India’s current conventional submarine fleet of 14 is severely aged. After INS Kalvari, inducted only a fortnight ago, the next youngest conventional submarine with the Navy is 17 years old. INS Sindhushastra, a Russian Kilo Class submarine, inducted in 2000, was the last of the Russian-origin Kilo Class submarine to be commissioned by the Navy. The remaining 12 conventional submarines are an average quarter century old—between 23 to as much as 31 years to be exact. At any point of time, some of these 12 submarines are usually undergoing refit, overhaul or maintenance, thus resulting in fewer submarines actually available for operational deployment. In any case, by 2030 or before, all these 12 submarines would have been decommissioned, leaving the Indian Navy with a severely depleted submarine fleet as it stands at the start of 2018.

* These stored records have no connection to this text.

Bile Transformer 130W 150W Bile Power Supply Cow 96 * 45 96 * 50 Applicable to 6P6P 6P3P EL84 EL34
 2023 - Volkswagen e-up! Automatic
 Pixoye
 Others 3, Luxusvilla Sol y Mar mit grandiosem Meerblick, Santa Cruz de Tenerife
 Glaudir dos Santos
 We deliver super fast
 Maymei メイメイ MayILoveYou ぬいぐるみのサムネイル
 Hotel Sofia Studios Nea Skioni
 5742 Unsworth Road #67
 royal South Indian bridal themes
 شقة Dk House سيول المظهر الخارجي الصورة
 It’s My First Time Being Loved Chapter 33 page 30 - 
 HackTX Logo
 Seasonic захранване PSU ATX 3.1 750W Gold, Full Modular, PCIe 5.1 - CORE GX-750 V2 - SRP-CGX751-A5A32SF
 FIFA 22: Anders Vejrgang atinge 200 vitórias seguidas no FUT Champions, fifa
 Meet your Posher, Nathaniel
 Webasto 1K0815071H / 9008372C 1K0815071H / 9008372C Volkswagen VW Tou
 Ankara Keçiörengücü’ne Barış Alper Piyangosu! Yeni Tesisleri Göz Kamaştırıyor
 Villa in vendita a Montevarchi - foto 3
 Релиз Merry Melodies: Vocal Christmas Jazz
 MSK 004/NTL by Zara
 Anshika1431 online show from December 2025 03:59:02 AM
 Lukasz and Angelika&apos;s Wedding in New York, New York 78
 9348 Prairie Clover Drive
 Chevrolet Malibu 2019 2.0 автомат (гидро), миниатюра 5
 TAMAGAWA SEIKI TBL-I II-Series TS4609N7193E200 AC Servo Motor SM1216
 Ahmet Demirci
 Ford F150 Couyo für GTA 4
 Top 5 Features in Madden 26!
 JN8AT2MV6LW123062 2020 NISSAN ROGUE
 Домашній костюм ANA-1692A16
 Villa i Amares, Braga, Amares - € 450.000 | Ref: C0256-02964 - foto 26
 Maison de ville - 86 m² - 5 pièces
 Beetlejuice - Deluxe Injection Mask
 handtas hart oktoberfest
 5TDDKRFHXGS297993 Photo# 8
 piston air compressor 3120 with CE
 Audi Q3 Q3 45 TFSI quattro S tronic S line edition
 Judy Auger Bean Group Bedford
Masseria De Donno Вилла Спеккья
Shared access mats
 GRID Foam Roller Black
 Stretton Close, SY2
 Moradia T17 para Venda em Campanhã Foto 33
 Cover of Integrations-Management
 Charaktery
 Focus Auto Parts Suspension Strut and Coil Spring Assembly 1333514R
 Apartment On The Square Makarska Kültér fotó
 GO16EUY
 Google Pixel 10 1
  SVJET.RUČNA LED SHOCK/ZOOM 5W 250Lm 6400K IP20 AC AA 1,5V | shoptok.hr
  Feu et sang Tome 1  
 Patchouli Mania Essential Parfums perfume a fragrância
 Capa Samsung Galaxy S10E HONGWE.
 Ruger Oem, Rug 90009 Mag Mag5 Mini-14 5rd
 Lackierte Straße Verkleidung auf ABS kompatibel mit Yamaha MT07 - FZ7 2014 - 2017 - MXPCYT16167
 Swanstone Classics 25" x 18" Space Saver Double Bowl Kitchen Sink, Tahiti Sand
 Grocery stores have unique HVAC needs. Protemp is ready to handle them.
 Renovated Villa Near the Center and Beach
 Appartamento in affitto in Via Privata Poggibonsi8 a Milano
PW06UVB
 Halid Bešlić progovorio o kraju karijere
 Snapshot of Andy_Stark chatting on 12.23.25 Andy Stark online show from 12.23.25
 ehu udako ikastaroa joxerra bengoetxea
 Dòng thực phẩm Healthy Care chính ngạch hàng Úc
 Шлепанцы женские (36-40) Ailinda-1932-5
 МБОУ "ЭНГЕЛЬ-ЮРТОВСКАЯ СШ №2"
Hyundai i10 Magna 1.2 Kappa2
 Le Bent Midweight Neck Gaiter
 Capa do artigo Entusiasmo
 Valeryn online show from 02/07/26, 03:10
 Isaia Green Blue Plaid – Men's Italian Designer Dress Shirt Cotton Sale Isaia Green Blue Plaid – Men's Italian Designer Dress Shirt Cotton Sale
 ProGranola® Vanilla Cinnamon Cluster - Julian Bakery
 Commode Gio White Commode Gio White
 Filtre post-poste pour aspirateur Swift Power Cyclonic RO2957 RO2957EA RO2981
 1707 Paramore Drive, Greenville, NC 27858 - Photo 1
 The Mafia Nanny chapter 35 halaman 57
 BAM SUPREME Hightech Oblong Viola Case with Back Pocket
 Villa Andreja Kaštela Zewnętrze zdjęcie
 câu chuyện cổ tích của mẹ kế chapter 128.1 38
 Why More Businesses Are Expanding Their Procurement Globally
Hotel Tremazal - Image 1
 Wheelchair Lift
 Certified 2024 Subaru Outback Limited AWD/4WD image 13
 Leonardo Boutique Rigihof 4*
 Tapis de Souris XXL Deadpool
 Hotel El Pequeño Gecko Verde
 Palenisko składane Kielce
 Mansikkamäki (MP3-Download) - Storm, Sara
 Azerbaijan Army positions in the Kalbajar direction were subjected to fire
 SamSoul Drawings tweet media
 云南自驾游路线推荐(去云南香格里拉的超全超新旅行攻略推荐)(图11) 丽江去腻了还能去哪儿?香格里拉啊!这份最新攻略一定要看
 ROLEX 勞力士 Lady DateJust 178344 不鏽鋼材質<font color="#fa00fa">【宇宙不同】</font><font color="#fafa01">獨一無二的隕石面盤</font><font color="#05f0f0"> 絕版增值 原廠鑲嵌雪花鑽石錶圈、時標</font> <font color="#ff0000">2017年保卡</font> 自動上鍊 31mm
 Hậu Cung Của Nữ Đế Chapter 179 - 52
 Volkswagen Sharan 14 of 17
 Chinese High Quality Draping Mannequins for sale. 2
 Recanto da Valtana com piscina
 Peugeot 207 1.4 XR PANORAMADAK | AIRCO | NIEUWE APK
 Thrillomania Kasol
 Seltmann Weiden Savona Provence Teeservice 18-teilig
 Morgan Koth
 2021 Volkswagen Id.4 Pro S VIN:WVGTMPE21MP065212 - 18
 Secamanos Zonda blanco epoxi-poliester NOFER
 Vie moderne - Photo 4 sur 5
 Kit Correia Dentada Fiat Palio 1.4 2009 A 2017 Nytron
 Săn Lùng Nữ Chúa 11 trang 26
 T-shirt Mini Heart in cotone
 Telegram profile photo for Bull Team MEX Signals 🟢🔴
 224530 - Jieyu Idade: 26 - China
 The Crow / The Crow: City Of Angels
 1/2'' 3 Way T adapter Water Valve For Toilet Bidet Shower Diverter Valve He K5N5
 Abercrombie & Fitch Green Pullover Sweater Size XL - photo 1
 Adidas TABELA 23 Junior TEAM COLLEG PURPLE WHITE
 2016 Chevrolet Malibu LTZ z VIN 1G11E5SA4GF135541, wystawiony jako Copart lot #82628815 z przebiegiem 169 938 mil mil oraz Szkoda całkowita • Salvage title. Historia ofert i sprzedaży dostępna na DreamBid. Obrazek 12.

As it is, in recent years, this “silent arm” (submarines) of the Navy has been in the news for the wrong reasons. It started with the Navy losing INS Sindhurakshak, a Russian-origin Kilo Class submarine, on 14 August 2013, following a series of explosions on board its torpedo section, which led to the death of three officers and 15 sailors in Mumbai. This marked the first-ever post World War-II peacetime loss of a submarine while docked in harbour. Six months later on 26 February 2014, then Chief of Naval Staff, Admiral Devendra Kumar Joshi resigned, marking a first-ever resignation by a naval chief while in harness. Admiral Joshi, himself a distinguished submariner, resigned following an outbreak of a fire on board INS Sindhushastra, another Kilo Class submarine, which resulted in the death of two officers while it was at sea.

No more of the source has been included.